* **What the task asks**
The required answer is an exact copy of the records below, without pictures.
··· Data for the task ···
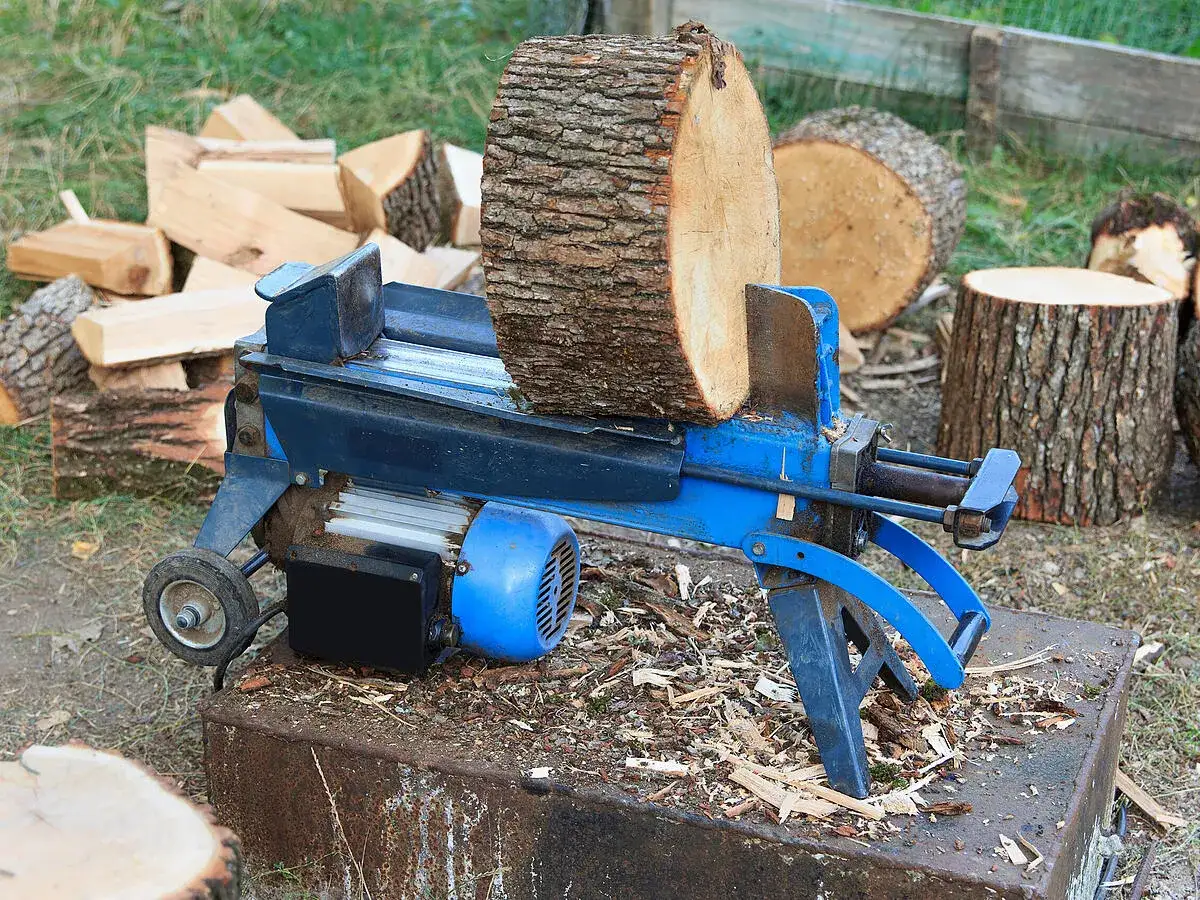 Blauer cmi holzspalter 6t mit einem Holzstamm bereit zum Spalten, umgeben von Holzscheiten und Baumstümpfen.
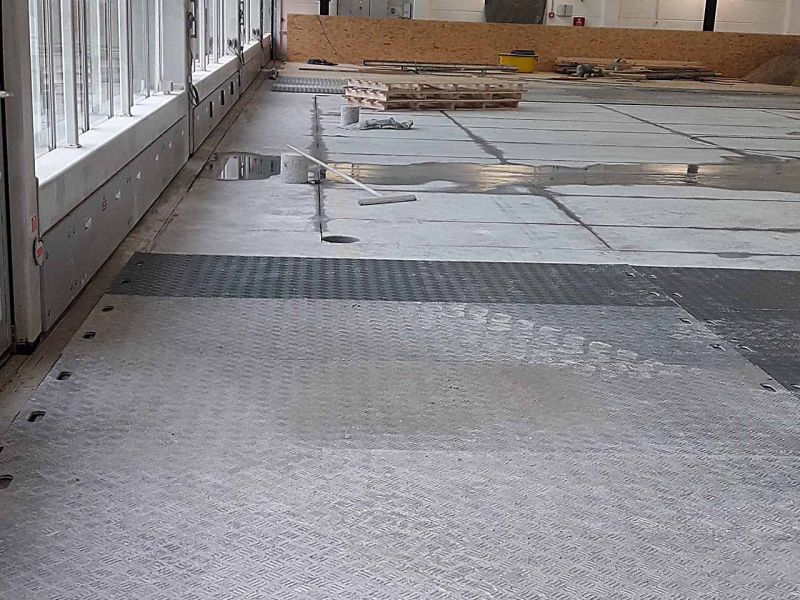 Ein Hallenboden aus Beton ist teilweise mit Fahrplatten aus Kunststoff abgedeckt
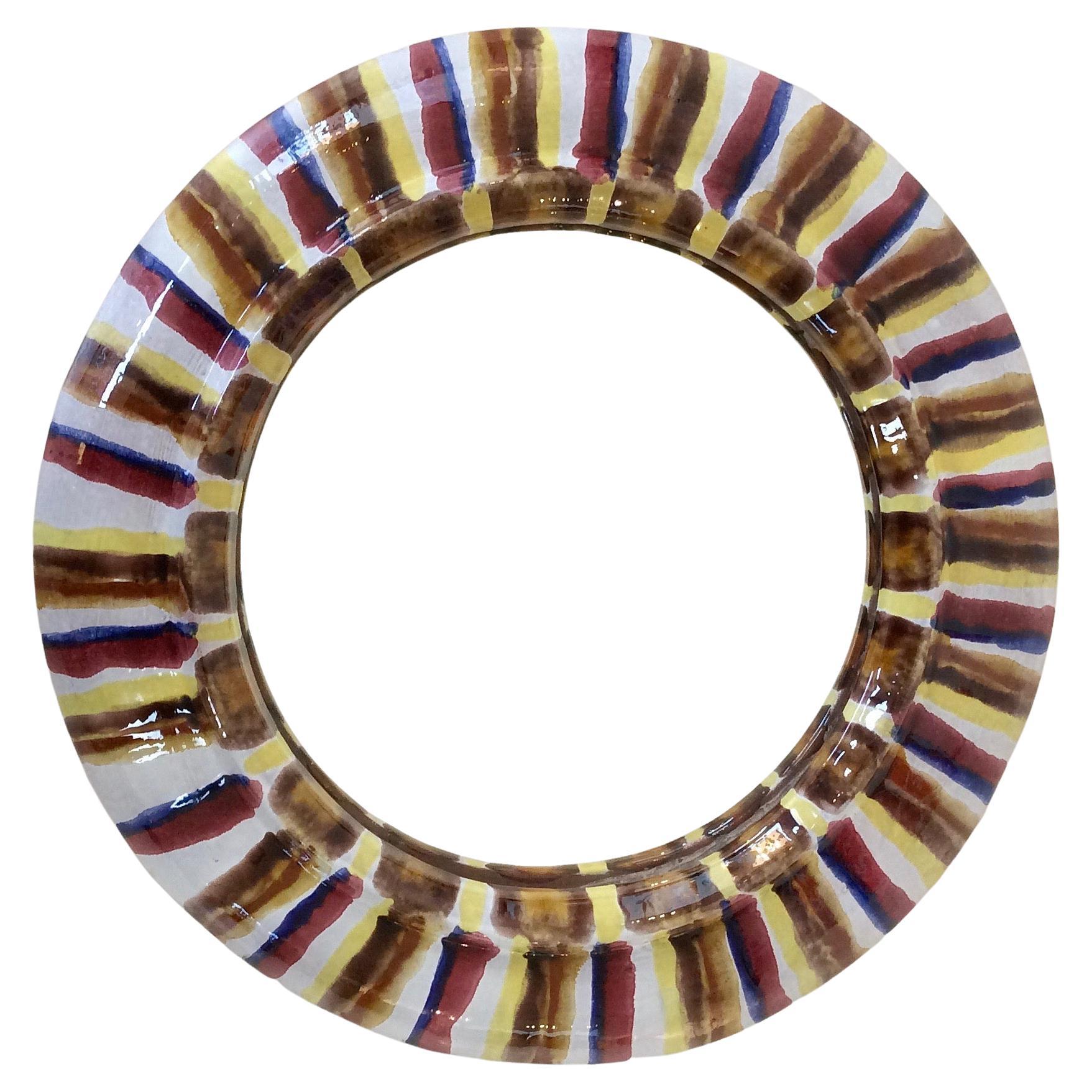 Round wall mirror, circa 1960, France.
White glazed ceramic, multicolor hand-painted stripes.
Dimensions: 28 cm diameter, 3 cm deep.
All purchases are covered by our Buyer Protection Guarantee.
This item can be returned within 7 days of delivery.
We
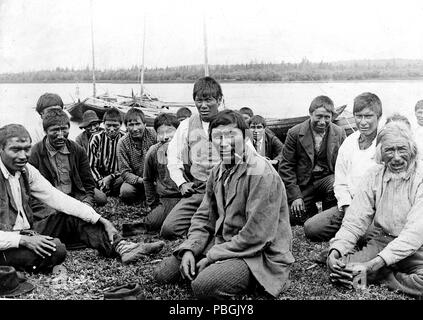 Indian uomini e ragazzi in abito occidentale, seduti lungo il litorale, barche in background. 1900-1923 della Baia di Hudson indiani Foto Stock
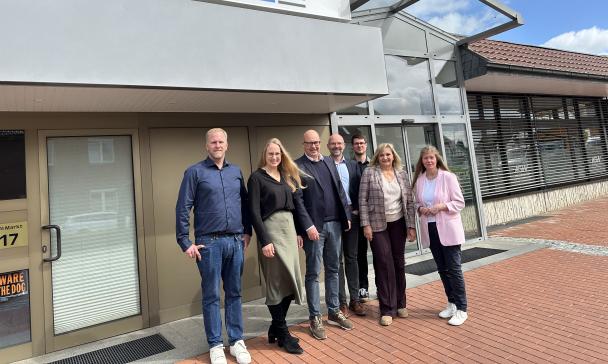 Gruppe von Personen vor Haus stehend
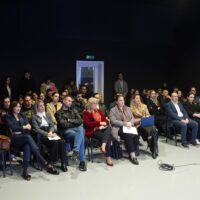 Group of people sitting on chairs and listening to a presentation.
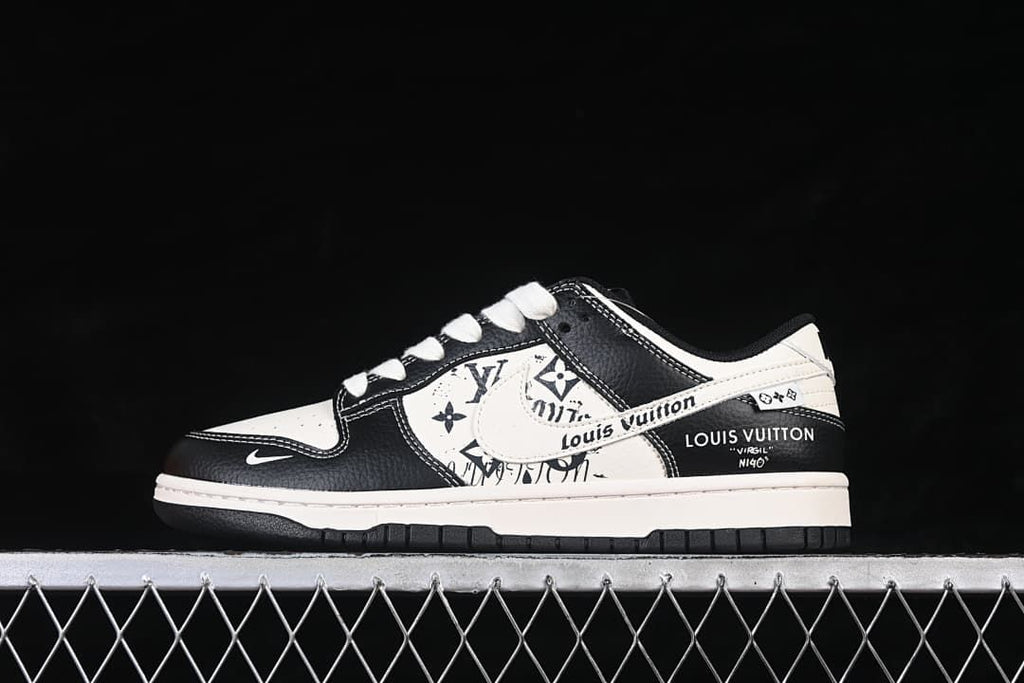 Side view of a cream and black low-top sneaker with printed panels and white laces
···
* **Finished task**
 Blauer cmi holzspalter 6t mit einem Holzstamm bereit zum Spalten, umgeben von Holzscheiten und Baumstümpfen.
 Ein Hallenboden aus Beton ist teilweise mit Fahrplatten aus Kunststoff abgedeckt
 Round wall mirror, circa 1960, France.
White glazed ceramic, multicolor hand-painted stripes.
Dimensions: 28 cm diameter, 3 cm deep.
All purchases are covered by our Buyer Protection Guarantee.
This item can be returned within 7 days of delivery.
We
 Indian uomini e ragazzi in abito occidentale, seduti lungo il litorale, barche in background. 1900-1923 della Baia di Hudson indiani Foto Stock
 Gruppe von Personen vor Haus stehend
 Group of people sitting on chairs and listening to a presentation.
 Side view of a cream and black low-top sneaker with printed panels and white laces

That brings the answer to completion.